Travis Rieder's book In Pain examines the overdose crisis with the unique insight of bioethicist dependent on opioids

The Johns Hopkins scholar's memoir reveals problems and solutions that could help turn the tide on what he calls "America's crisis of pain management"

    1 of 1 2 of 1

      Travis Rieder has bleak outlook on the current state of America’s overdose crisis. The author of In Pain: A Bioethicist’s Personal Struggle With Opioids told the Straight that not only have authorities failed to reduce deaths, they’re also badly hurting people with their attempts.

      In a telephone interview, Rieder explained that the epidemic that killed some 72,000 people in America in 2017 and roughly 4,000 in Canada was once largely driven by prescription opioids. And so regulators and law enforcement cracked down on doctors overprescribing addictive pain medications like OxyContin and Dilaudid. The problem, Rieder said, is that authorities continued with that response after it stopped working and despite its negative unintended consequences.

      “We did actually slow overdose deaths from prescription opioids,” he noted. “But it didn’t slow the opioids crisis. It actually exacerbated it.

      “Overdose-death rates have skyrocketed since then, and now we have this heroin and illicit-fentanyl crisis,” Rieder emphasized.

      The crackdown on prescription painkillers has left doctors significantly less likely to prescribe opioids to patients who truly need them, he continued.

      “We’re sort of in the worst possible moment here when you think about the Venn diagram of pain, opioids, and the opioids crisis,” Rieder concluded. “We made everything worse without solving anything.”

      America is not experiencing an overdose crisis, Rieder thus maintained. Rather, it is a “crisis of pain management”, where people who need opioids are not receiving them and are left in pain, and people who do not need opioids have found too many and are dying of overdoses.

      Rieder is uniquely qualified to reassess America’s opioid epidemic and critique the government’s response. In addition to his work as a bioethicist at Johns Hopkins University, where he’s a research scholar and director of the school’s master of bioethics program, he has struggled with opioids himself.

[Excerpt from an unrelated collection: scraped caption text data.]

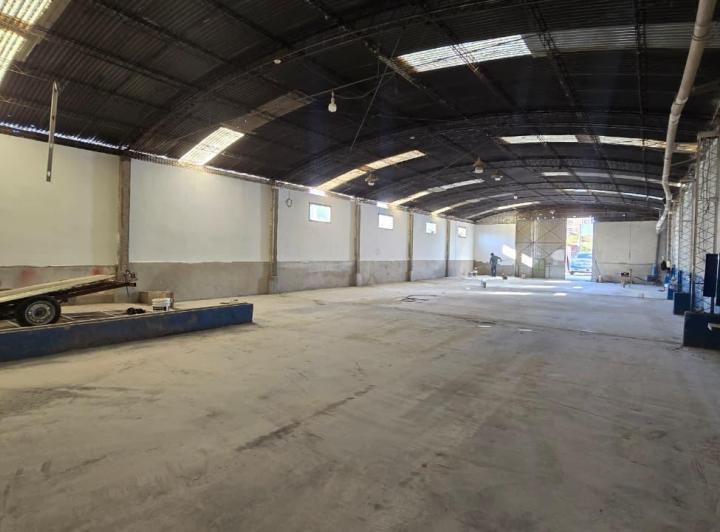 Bodega-Galpón · 360m² · 3 Ambientes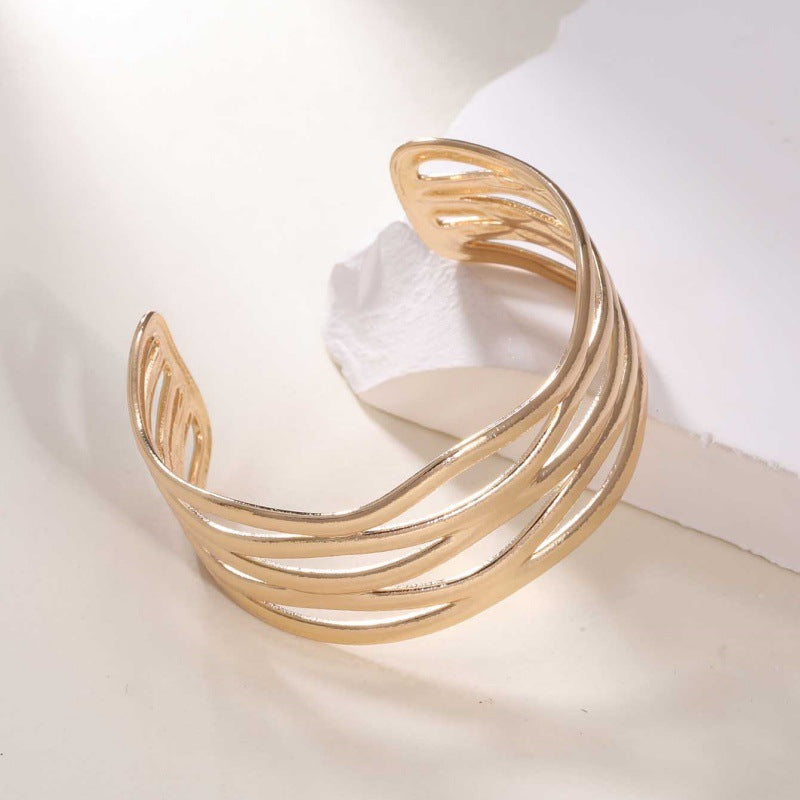 Women's Open Bangle with Elegant Wave Design Calm Wears-https://detail.1688.com/offer/968910162139.html-Calm Wears-Silver-Calm Wears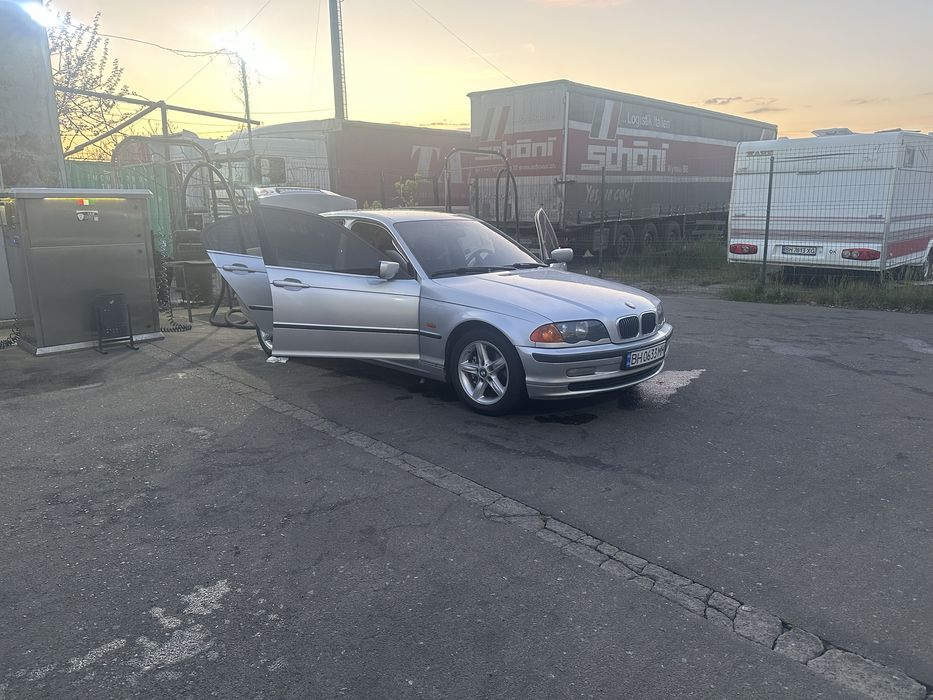 BMW E46 320i (1998)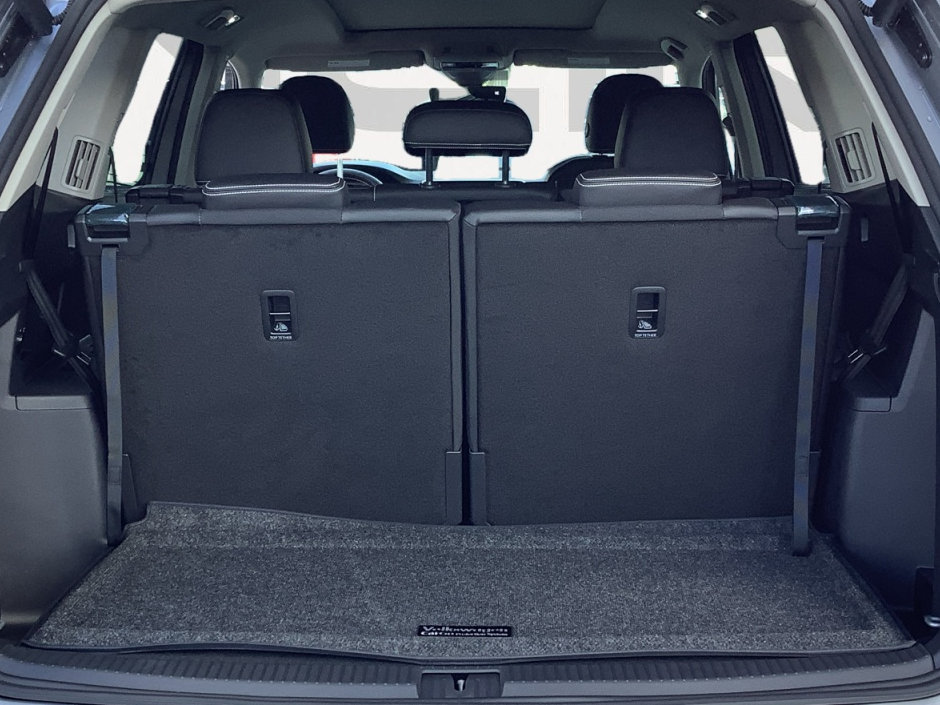 New 2026 Volkswagen Atlas SE FWD image 14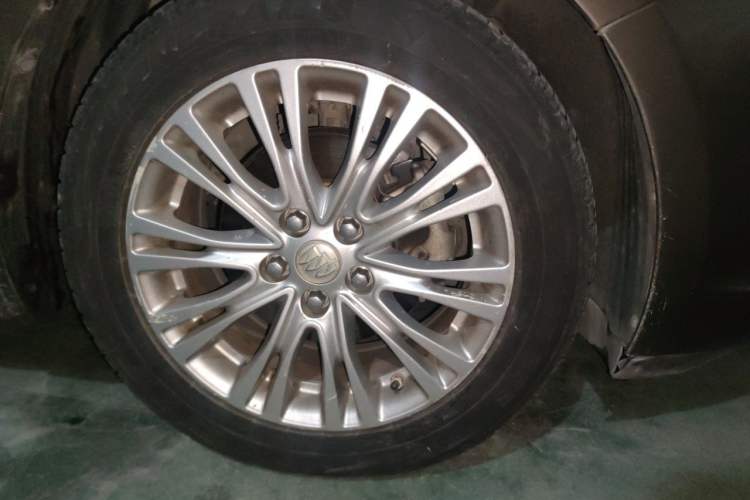 Used Buick GT 2016 15N Automatic Elite Edition Right Front Wheel Hub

      As he recounts in In Pain, which hits bookstores Tuesday (June 18), Rieder was badly injured in a 2015 motorcycle accident. His left foot was crushed between his bike and a van, requiring a half-dozen surgeries and sending Rieder through many facets of the health-care system that he had spent his career studying as an academic.

      The pain was often unbearable and, in different combinations at various times, Rieder received morphine, OxyContin, immediate-release oxycodone, hydromorphone, and fentanyl. He describes these opioid-based medications as a godsend, but one which, for some people, comes with great risk.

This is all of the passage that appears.